Stored dataset items:
---*---

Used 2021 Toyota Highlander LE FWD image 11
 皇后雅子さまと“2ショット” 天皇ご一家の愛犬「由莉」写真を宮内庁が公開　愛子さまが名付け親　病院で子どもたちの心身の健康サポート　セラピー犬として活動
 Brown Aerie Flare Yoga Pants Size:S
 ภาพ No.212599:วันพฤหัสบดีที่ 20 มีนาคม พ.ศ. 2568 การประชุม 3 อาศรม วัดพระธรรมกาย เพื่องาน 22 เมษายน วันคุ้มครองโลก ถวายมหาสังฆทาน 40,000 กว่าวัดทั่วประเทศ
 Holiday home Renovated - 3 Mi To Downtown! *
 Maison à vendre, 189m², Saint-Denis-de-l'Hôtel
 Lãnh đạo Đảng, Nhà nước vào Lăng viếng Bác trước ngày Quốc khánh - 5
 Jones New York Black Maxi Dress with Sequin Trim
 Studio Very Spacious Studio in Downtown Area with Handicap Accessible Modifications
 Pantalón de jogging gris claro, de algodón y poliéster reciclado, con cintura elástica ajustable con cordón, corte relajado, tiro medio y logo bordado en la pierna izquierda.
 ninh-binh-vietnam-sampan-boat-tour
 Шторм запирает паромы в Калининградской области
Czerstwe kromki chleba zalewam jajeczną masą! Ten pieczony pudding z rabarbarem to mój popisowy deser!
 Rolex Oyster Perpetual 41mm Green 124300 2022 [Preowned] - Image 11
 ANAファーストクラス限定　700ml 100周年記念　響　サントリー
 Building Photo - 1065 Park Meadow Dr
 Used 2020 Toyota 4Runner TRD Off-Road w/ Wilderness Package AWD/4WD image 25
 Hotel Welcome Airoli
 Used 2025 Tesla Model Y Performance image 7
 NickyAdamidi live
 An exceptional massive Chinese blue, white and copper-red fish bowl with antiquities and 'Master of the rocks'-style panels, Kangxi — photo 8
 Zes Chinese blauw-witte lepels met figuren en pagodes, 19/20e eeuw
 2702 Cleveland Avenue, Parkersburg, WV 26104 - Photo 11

---*---

- EXERCISE BRIEF: Reproduce each line of the data containing the word "Used".

- REPLY:
Used 2021 Toyota Highlander LE FWD image 11
 Used 2020 Toyota 4Runner TRD Off-Road w/ Wilderness Package AWD/4WD image 25
 Used 2025 Tesla Model Y Performance image 7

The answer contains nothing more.